De telle sorte qu'il convient de retenir la date du 16.04.2013 comme point de départ de la prescription concernant la responsabilité du dirigeant s'agissant des informations relatives au programme SKYLANDER diffusées par le biais des communiqués de presse émis.

L'instance ayant été engagée le 11.10.2016 était donc prescrite au jour de l'assignation concernant le programme SKYLANDER.

Les demandeurs, intimés dans la présence instance, ont par ailleurs soulevé également la fausseté des informations concernant le carnet de commandes du F-406.

S'agissant de cet avion produit par la société REIMS AVIATION INDUSTRIES le placement en redressement judiciaire puis en liquidation judiciaire de la société SKY AIRCRAFT ne signifiait pas forcément que les informations communiquées concernant l'autre filiale développant un autre programme aéronautique était fausse et en conséquence la mise en redressement puis en liquidation judiciaire de la société SKY AIR CRAFT ne saurait être retenue comme point de départ.

La société REIMS AVIATION INDUSTRIE a été placée en redressement judiciaire le 10.09.2013 mais pour autant cette information n'était pas de nature à laisser penser à la fausseté du carnet de commande de la société concernant le F-406.

Dans un communiqué du 27.09.2013 GECI AVIATION (pièce 59 de l'appelant) concernant les comptes de l'exercice 2011/2012 indique:

Activité 2011/2012

Le pôle aviation a réalisé un chiffre d'affaure de 6,2 millions d'euros contre 7,3 millions réalisé la même période de l'exercice précédent.
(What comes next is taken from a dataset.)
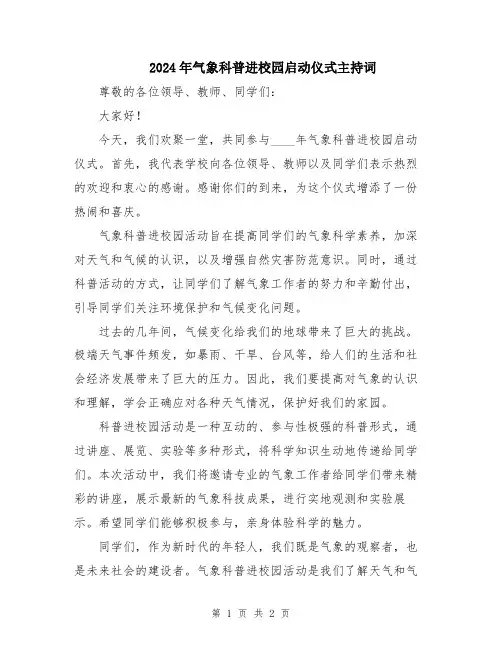 2024年气象科普进校园启动仪式主持词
Il a été entièrement réalisé par la filiale Reims Aviation Industries à hauteur de 57% pour les activités de service et de 43% pour les ventes d'avions neufs.

(...)

Le chiffre d'affaires 'vente d'avions' est réalisé sur l'avion F 406 n°SN98 de mission commandé en novembre dernier par un client européen, la production de cet avion progresse régulièrement la livraison est prévue au cours de l'exercice 2013-2014.

La société Reims Aviation Industries a été placée en redressement judiciaire par jugement du tribunal de commerce de Reims en date du 10.09.2013. Une période d d'observation de 6 mois a été ouverte. En effet la société fait face à des difficultés de trésorerie liées au retard pris dans la livraison du SN 98 et au retard d'encaissement de certaines prestations. Le groupe GECI AVIATION est toujours à la recherche d'un repreneur pour Reims Aviation Industries.(souligné par la cour) Les administrateurs judiciaires avec le concours de GECI AVIATION sont à la recherche de toute solution permettant de conserver cette entreprise dans son implantation locale.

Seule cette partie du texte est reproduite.